- WORK TASK
Could you copy exactly the lines below from the one with "Lofaris Green Field" to the one with "White Diamonds Glitter Fleece Deken (Hoek)", inclusive, leaving out any pictures?

- RECORDS FOR PROCESSING
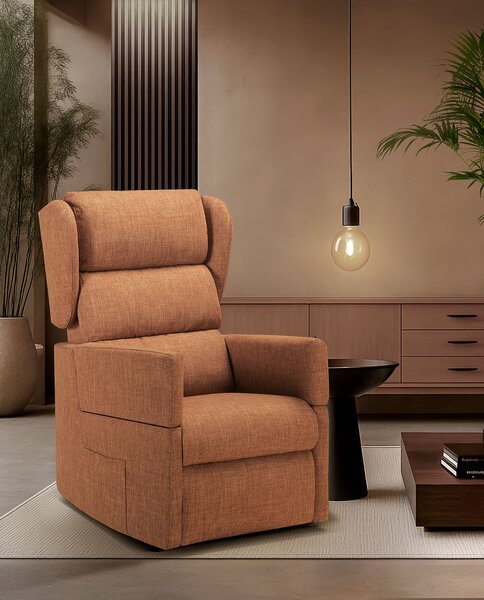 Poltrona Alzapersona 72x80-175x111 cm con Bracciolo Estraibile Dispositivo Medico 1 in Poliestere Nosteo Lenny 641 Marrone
---
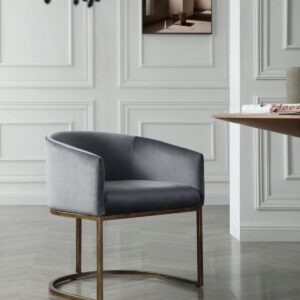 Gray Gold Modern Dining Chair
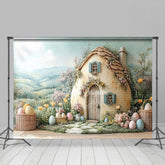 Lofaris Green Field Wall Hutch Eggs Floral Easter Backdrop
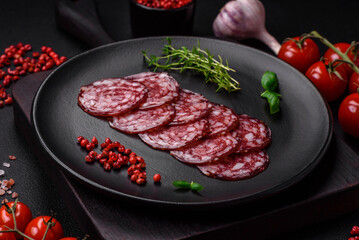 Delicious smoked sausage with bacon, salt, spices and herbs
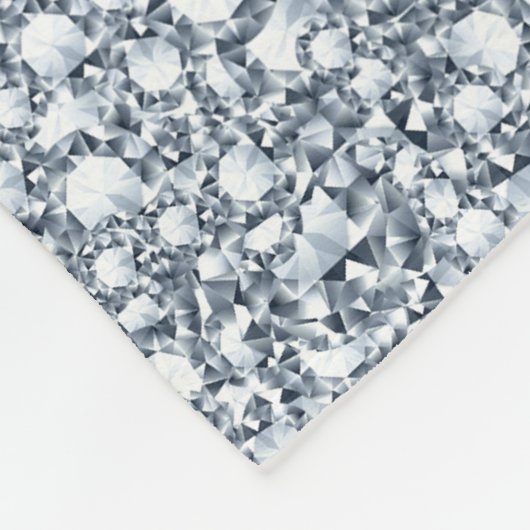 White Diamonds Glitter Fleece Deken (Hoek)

- TASK ANSWER
 Lofaris Green Field Wall Hutch Eggs Floral Easter Backdrop
 Delicious smoked sausage with bacon, salt, spices and herbs
 White Diamonds Glitter Fleece Deken (Hoek)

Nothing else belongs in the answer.